Source code in src/alberta_framework/utils/experiments.py
def run_single_experiment(
    config: ExperimentConfig,
    seed: int,
) -> SingleRunResult:
    """Run a single experiment with a given seed.

    Args:
        config: Experiment configuration
        seed: Random seed for the stream

    Returns:
        SingleRunResult with metrics and final state
    """
    learner = config.learner_factory()
    stream = config.stream_factory()
    key = jr.key(seed)

    final_state: LearnerState | NormalizedLearnerState
    if isinstance(learner, NormalizedLinearLearner):
        norm_result = run_normalized_learning_loop(learner, stream, config.num_steps, key)
        final_state, metrics = cast(tuple[NormalizedLearnerState, Any], norm_result)
        metrics_history = metrics_to_dicts(metrics, normalized=True)
    else:
        linear_result = run_learning_loop(learner, stream, config.num_steps, key)
        final_state, metrics = cast(tuple[LearnerState, Any], linear_result)
        metrics_history = metrics_to_dicts(metrics)

    return SingleRunResult(
        config_name=config.name,
        seed=seed,
        metrics_history=metrics_history,
        final_state=final_state,
    )

aggregate_metrics(results)

Aggregate results from multiple seeds into summary statistics.

Args: results: List of SingleRunResult from multiple seeds

Returns: AggregatedResults with aggregated metrics

Source code in src/alberta_framework/utils/experiments.py
def aggregate_metrics(results: list[SingleRunResult]) -> AggregatedResults:
    """Aggregate results from multiple seeds into summary statistics.

    Args:
        results: List of SingleRunResult from multiple seeds

    Returns:
        AggregatedResults with aggregated metrics
    """
    if not results:
        raise ValueError("Cannot aggregate empty results list")

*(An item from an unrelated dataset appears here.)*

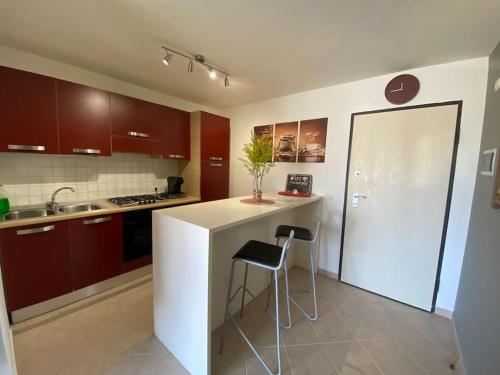 a kitchen with a white counter and a bar with a stool at Leme Bedje - Two bedroom, Pool & Wifi in Santa Maria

    config_name = results[0].config_name
    seeds = [r.seed for r in results]

    # Get all metric keys from first result
    metric_keys = list(results[0].metrics_history[0].keys())

    # Build metric arrays: (n_seeds, n_steps)
    metric_arrays: dict[str, NDArray[np.float64]] = {}
    for key in metric_keys:
        arrays = []
        for r in results:
            values = np.array([m[key] for m in r.metrics_history])
            arrays.append(values)
        metric_arrays[key] = np.stack(arrays)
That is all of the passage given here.